The office would also be tasked with overseeing community leaders and subject experts who are responsible for coming up with solutions to public safety issues, including gun violence, juvenile justice and neighborhood stabilization, according to the Chicago Sun Times.
Preckwinkle’s plan is modeled after the New York City office of the same name.
She said she plans to get rid of the city’s gang database because it is made up of mostly people of color, and claims there was “no criteria for how to get on it and many don’t know if they’re on it and there’s no way to get off of it.”
“It’s part of the culpability of the Police Department,” Preckwinkle said. “People don’t know how they got there and it’s used to damage their lives.

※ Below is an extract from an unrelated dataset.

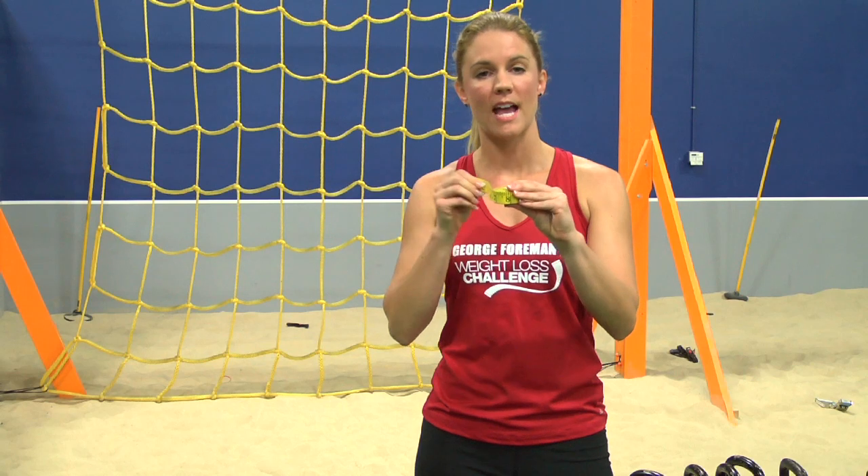You'll want to purchase a tape measure that's pliable, and if you have difficulty finding one, you can always check at your local craft store. We're going to take measurements in six different locations today.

That’s a real challenge to police-community relations.”
The candidate’s plan called for changes to the behavior of Chicago police across the board, but has assigned no responsibility to the criminals in the city.

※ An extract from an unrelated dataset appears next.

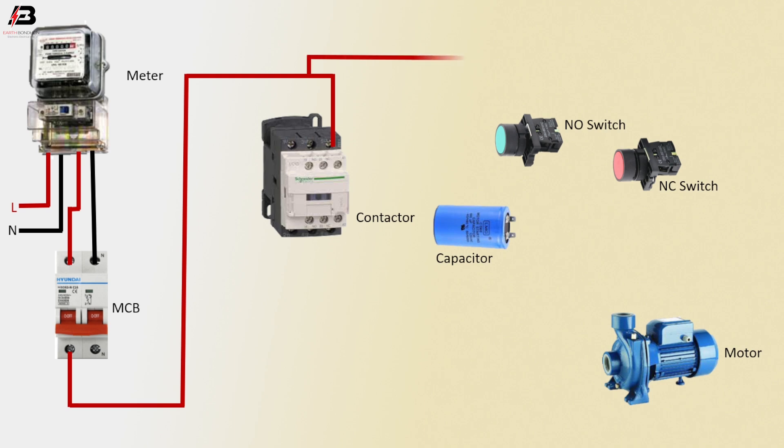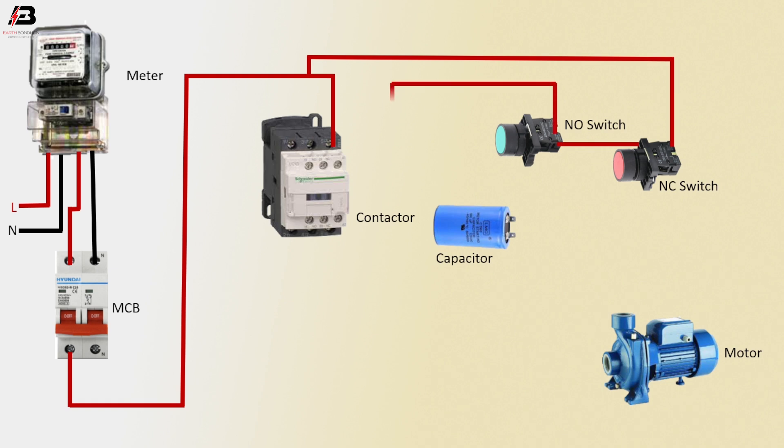Phase connection from double-pole MCB to connect magnetic conductor N3 terminal. Phase connection to NC switch, phase connection from NC to NO switch, phase connection from NO switch to connect magnetic conductor. NO and coil connection, phase connection to magnetic conductor NO point.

If elected, she has said she will terminate Chicago Police Superintendent Eddie Johnson, the Chicago Sun Times reported.
Preckwinkle said she would support a proposal for a Community Commission for Public Safety and Accountability.

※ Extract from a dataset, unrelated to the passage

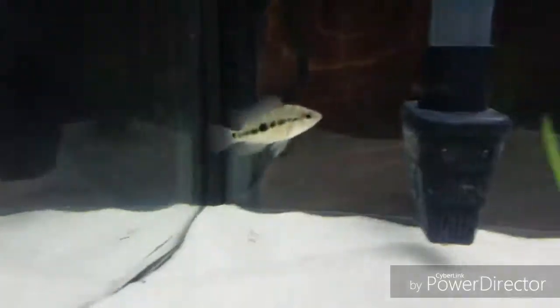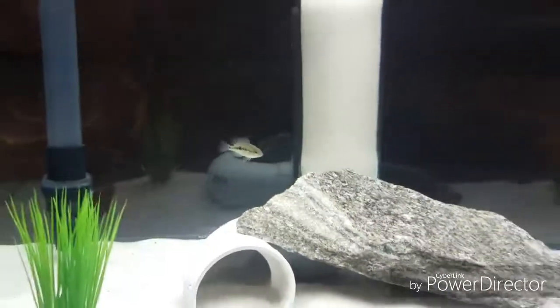Look at you little monster — he's just a little baby right now. I'm gonna be scared to put my hand in the tank in about a year and a half. Alright y'all.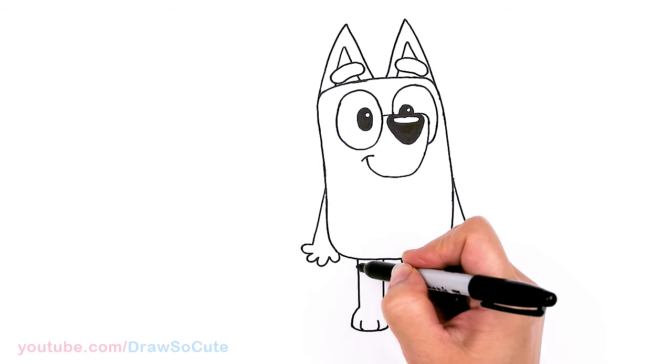You know what? I need to add a heart here for Bluey — that wouldn't be right if I didn't. Let's put it right here. So they're all done! I really hope you had fun, and I made this easy for you to follow along to draw this cute little puppy. Thanks so much for watching. If you loved it and I helped you out, please make sure to subscribe and turn on your notification bell so you won't miss any new Draw So Cute videos. See you later!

The seven-member commission that she supports would be elected by the public and have the authority to appoint the Chicago Police Board, the chief administrator of the Civilian Office of Police Accountability, and recommend candidates for superintendent of the Chicago Police Department, the Chicago Sun Times reported.
Preckwinkle also said she would put more resources into Chicago Alternative Policing Strategy (CAPS) to help rebuild trust between the police and the community.
“We have to have leadership in the department that actively works to root out [the code of silence in the Police Department],” she said. “If we look at the devastating stories of actions by Jon Burge, [Detective Reynaldo] Guevara and Sergeant Ronald Watts, those folks were protected by their fellow officers. We have to create a police department where bad conduct isn’t tolerated.”
Preckwinkle pointed to her history of supporting criminal justice reform as one of her qualifications for mayor.